Accidents happen even to the best of us. A few weeks ago, before writing this post, I've accidently
DROPped a database on the production server. Certainly a very clumsy manipulation, but hey, clumsiness is part of the game, right ?
Anyway. I had to restore the database one way or another. For those who follow my RSS feed or read me since a while will certainly remind themselves that I use Barman (Article in French) for my database backups.
Getting the backup
Fortunately, the affected application was screaming in scandal from not being able to connect to the database, therefore I've been able to get the time of the incident.
To get a backup from the databse, nothing simplier or nearly:
barman recover \ --target-time "date" \ --remote-ssh-command "user@host" \ server \ backup \ /path/of/restauration
I think it goes without saying to make sure that sufficient disk space to accomodate the whole data folder of PostgreSQL and assign the right permissions on the folder which will contain your backup.

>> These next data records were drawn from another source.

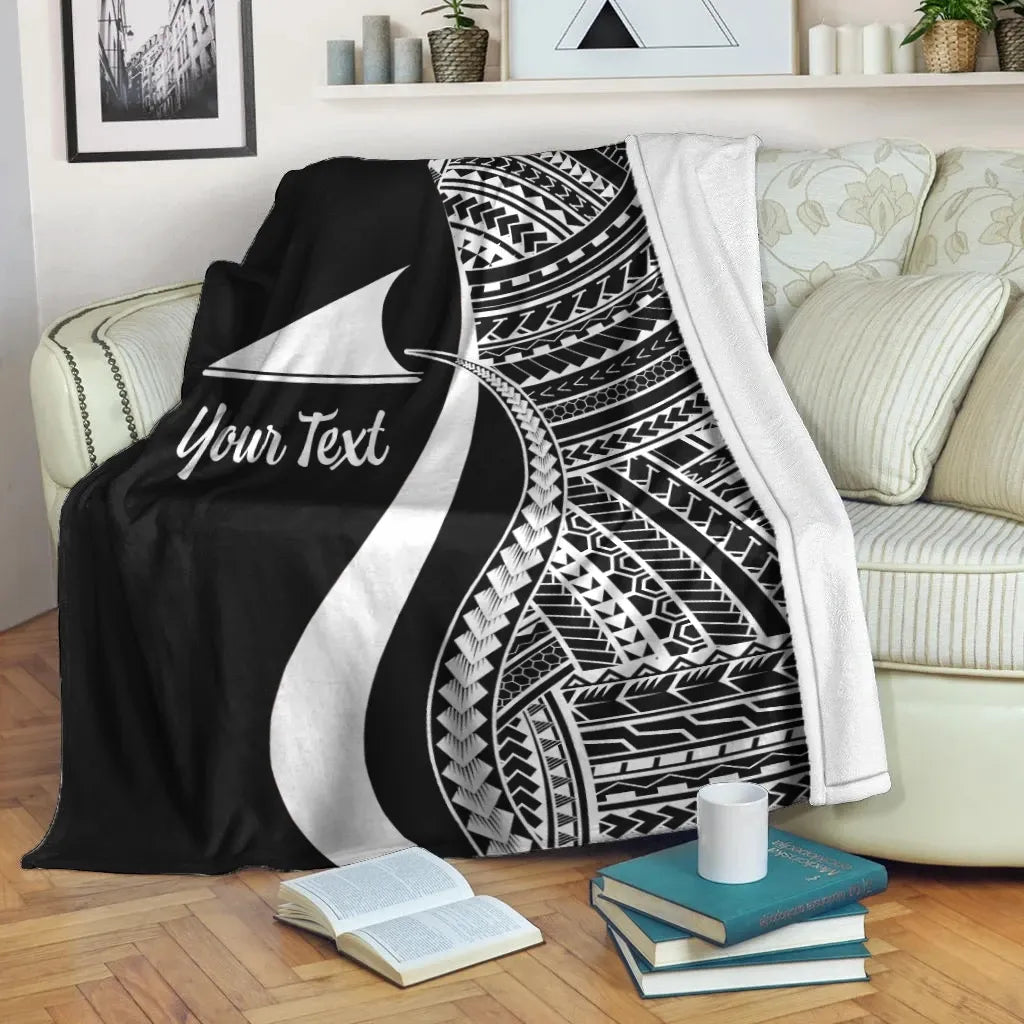 Tokelau Custom Personalised Premium Blanket - White Polynesian Tentacle Tribal Pattern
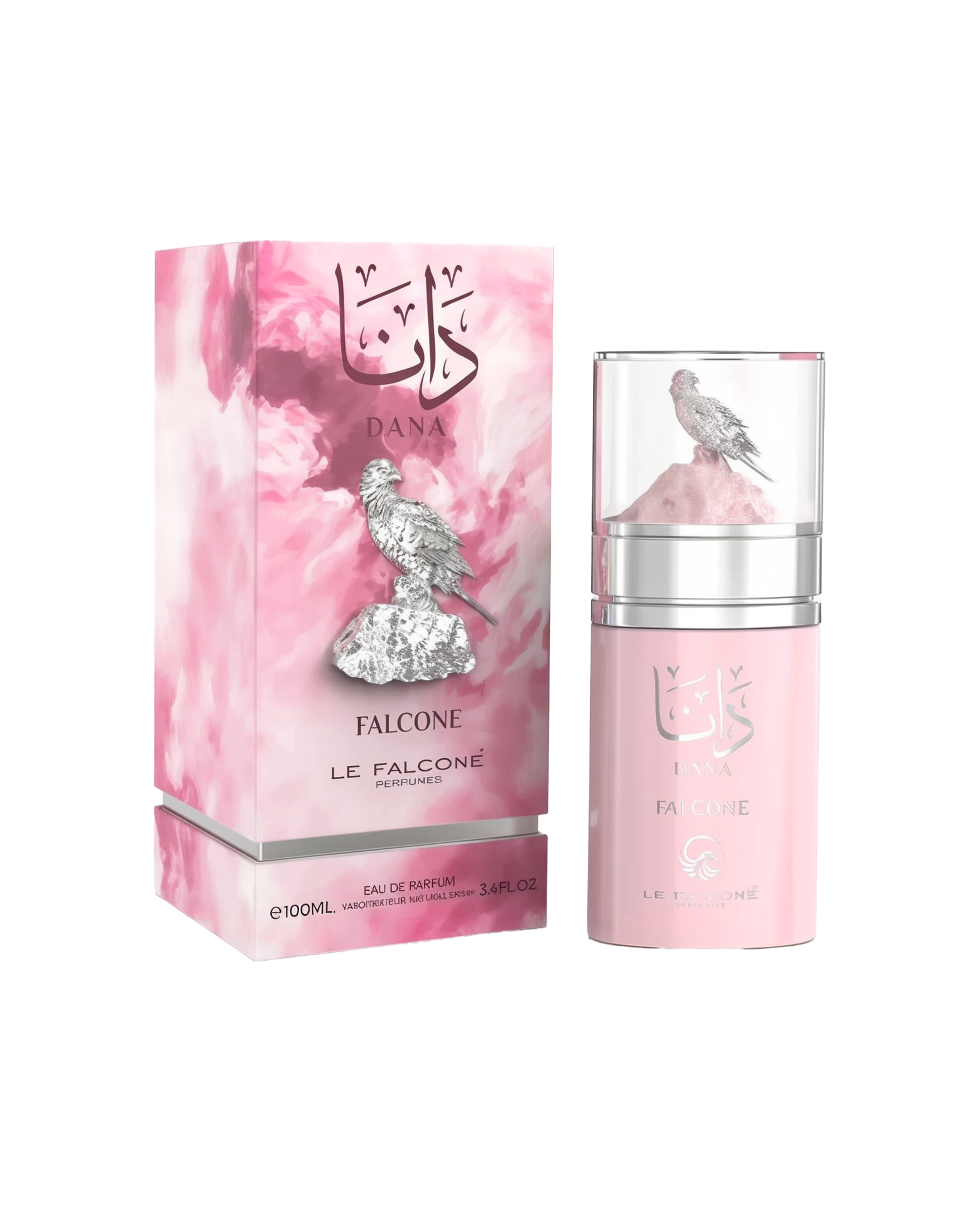 A pink rectangular perfume box featuring Arabic calligraphy and labeled ‘Dana Falcone’ by Le Falcone stands beside a matching cylindrical pink bottle with a clear cap, showcasing a silver falcon perched on a pink rock.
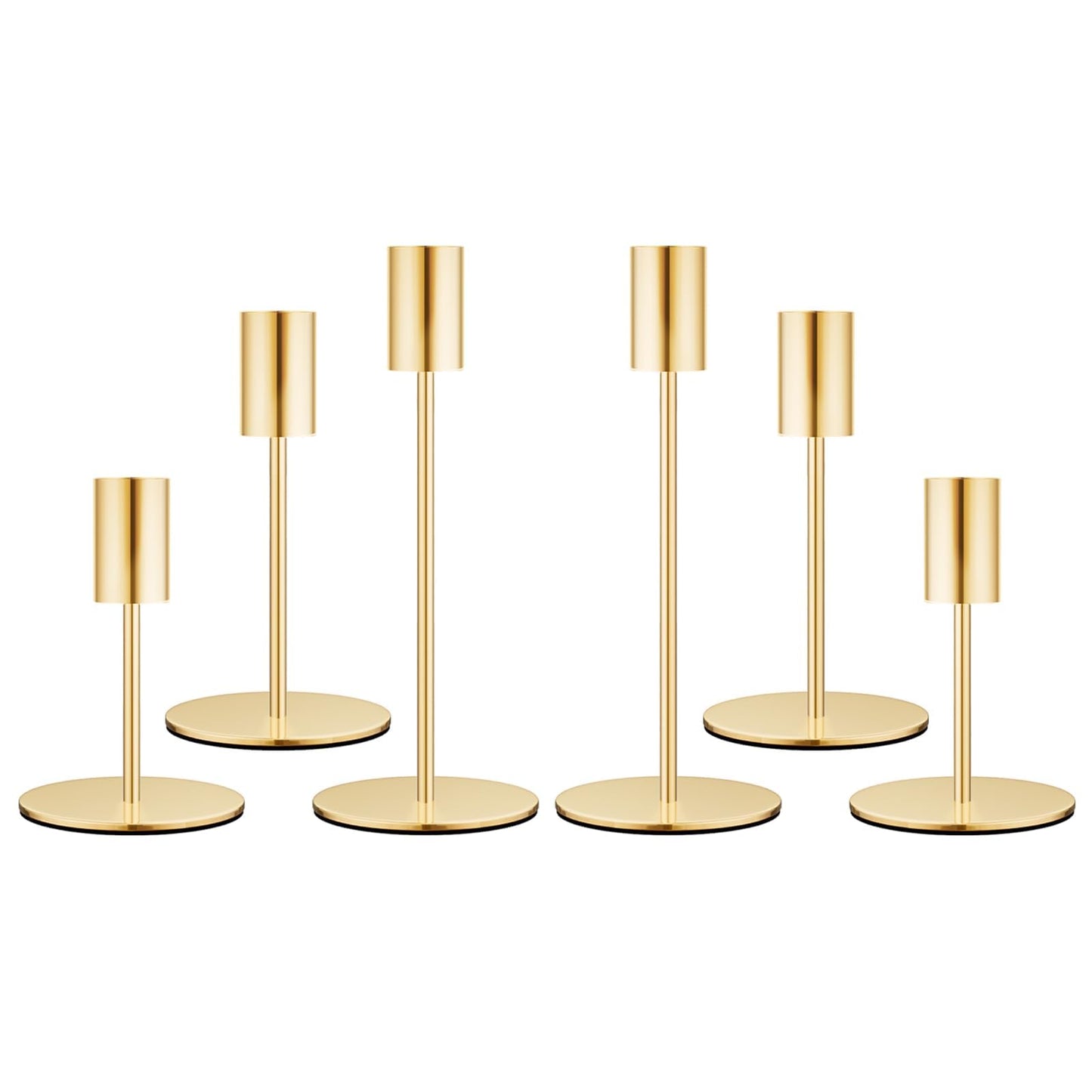 zeochyni French Gold Candlestick Holders Set of 6, Metal Taper Candle Holders in 3 Heights with Weighted Base for Dining Table Centerpiece, Wedding, Mantel Decor and Housewarming Gift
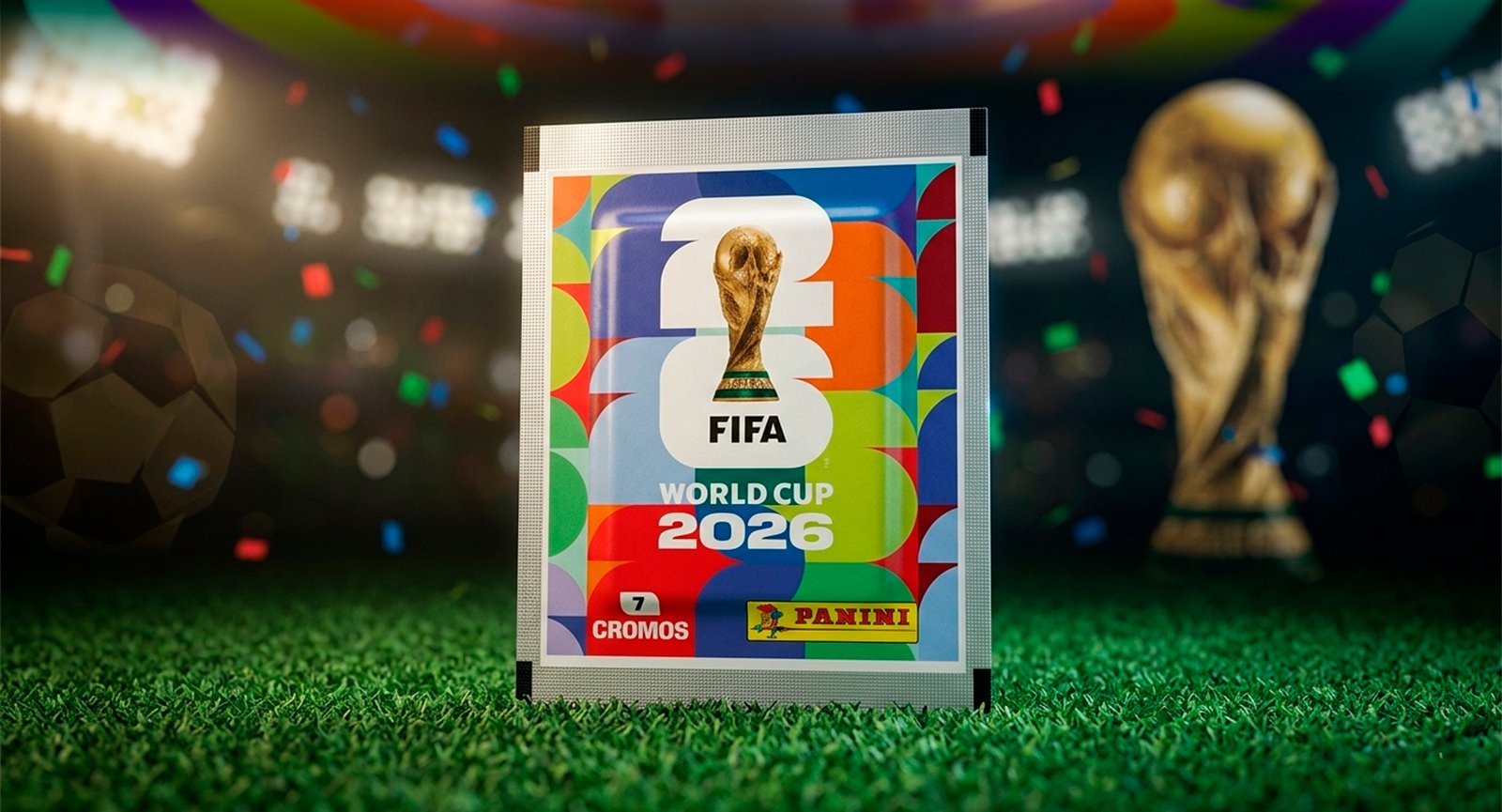 Envelope 7 figurinhas Panini Copa Mundo 2026 em gramado iluminado com estádio e troféu ao fundo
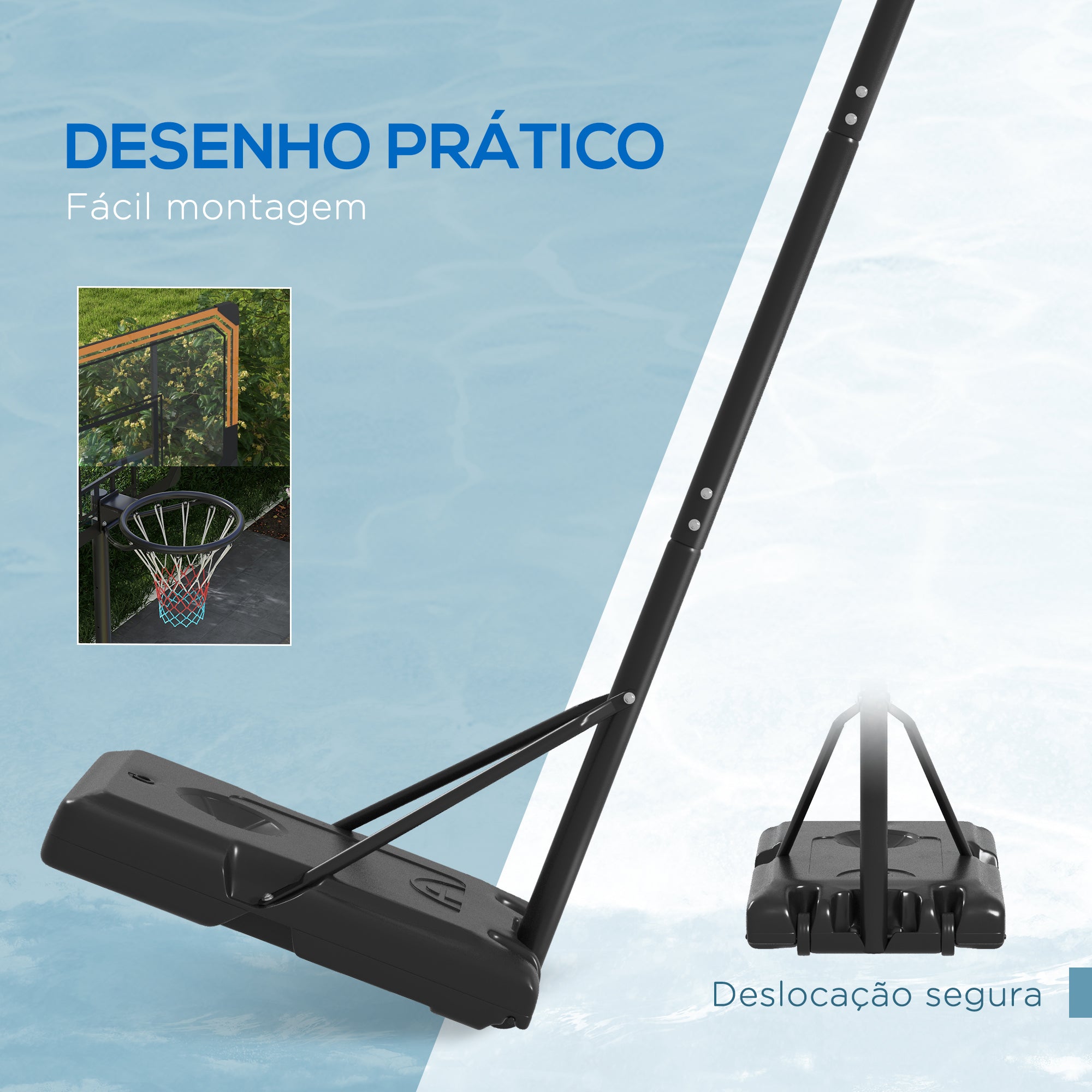 Tabela de Basquetebol de Exterior – 71x45x235-264 cm – Preto – PE, Aço e Poliéster
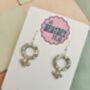 Silver Feminist Sign Glitter Earrings / Girl Power Jewellery / Empowered Woman Statement / International Women's Day Gift, thumbnail 5 of 5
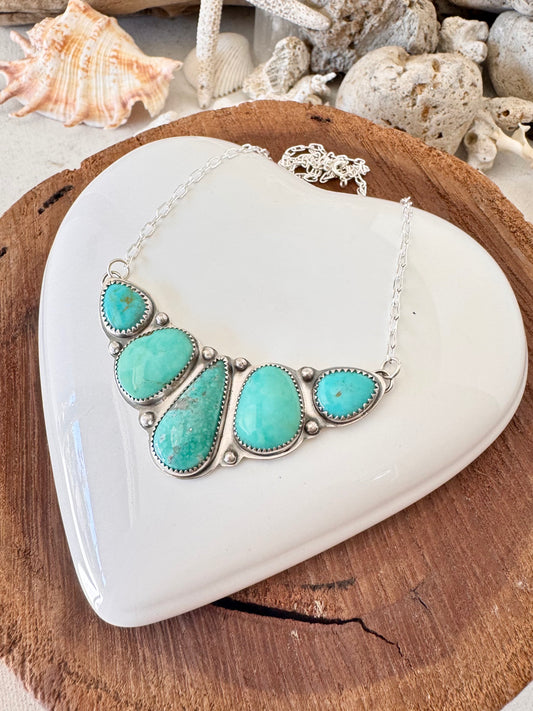 Natural turquoise. Multi stone sterling silver necklace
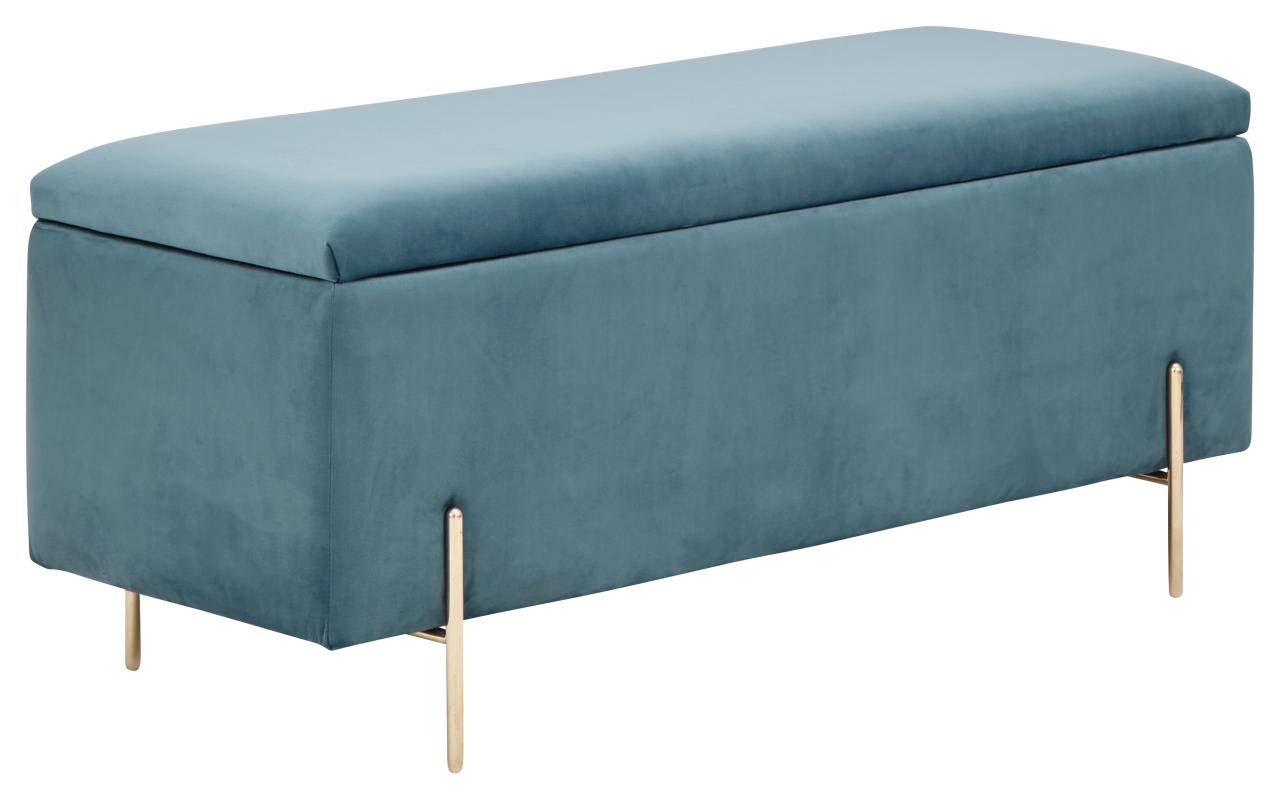 GFW Ottoman Storage Bench, Teal, H-43cm x W-98cm x D-37cm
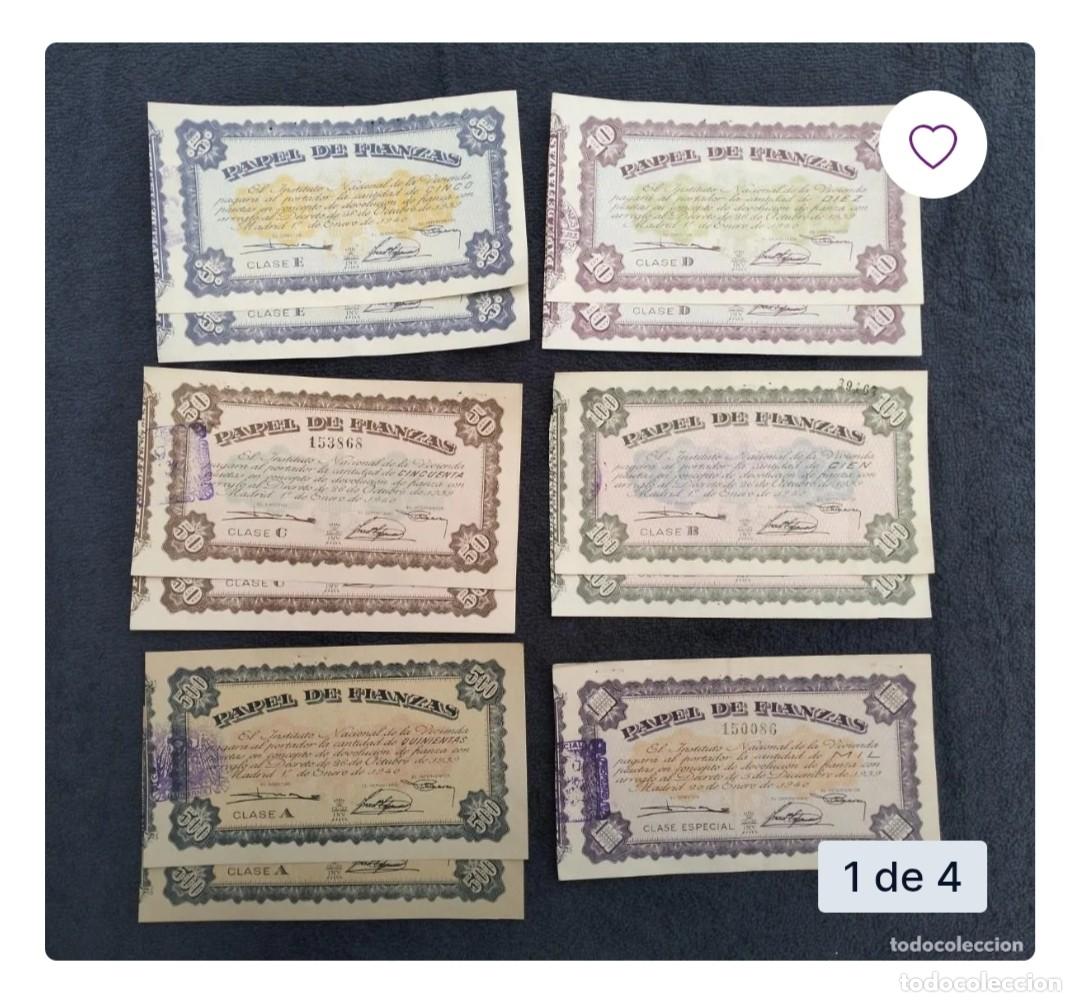 Documentos bancarios: PAPEL FIANZAS. PAREJAS CORRELATIVAS A&Ntilde;OS 40. VALORES DE 5,10,50,100,500,1000
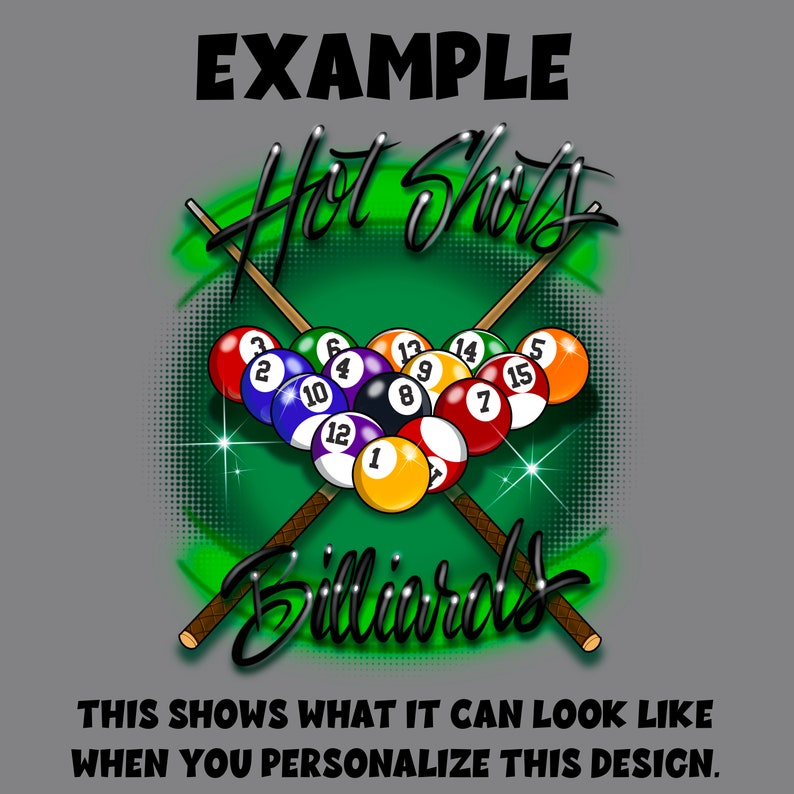 Digital Airbrush Billiards Design Inkjet/dtf/dtg Sublimation Print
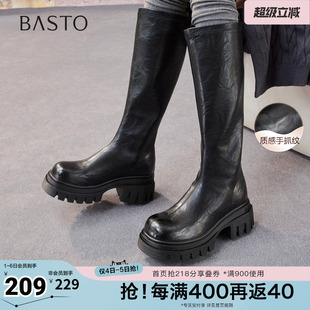 百思图秋冬季 商场同款 骑士靴时尚 潮流粗跟女长靴F6013DG5 新款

Configuring the temporary PostgreSQL server
What you get is the complete database server, configuration and other databases. However, there's of course a few things to tweak because PostgreSQL, since version 12, refuses to start with a
recovery.conf file, even empty.
Path variables like:
will have to be changed.
Commenting or changing the path of
external_pid_file and pointing
stats_temp_directory to an existing folder with the right permissions should do the trick. A folder created on the go will suffice.
Finally, because we don't have a snakeoil certificate to our disposal, at least I don't have, we can deactivate SSL.
Finally, we can start the PostgreSQL server on another port:
postgres -p port -D /path/to/data
Recovering the desired database
If everything goes well, PostgreSQL shouldn't display any errors and should replay the transaction log, then stop to the specified target time.
We'll be able to connect to this very temporary server to verify if the choosen database is present:
# Connect psql -p port -h host -U user postgres # List databases \l
If everything is here, perfect. If it's not the case, restart from square zero with a new copy. Moving back
recovery_target_time will cause an error because the database cluster is a bit too new.
Finally, we can recover the desired database with a bit of
pg_dump -p port -h host -U user database > base.sql
and restore it on the production server which has been still doing its thing:
sudo -u postgres psql < base.sql
Et voilà. Everything should happen without a hiccup. We can stop the temporary server and delete its data folder; we don't need it anymore.
The end word
A process that should have taken less time that it has taken on my side. Now that I've done once and documented it for the others and myself, I think the next "oopsie" should be fixed in less time. Should be, he said.
Hoping the next one will happen in a while.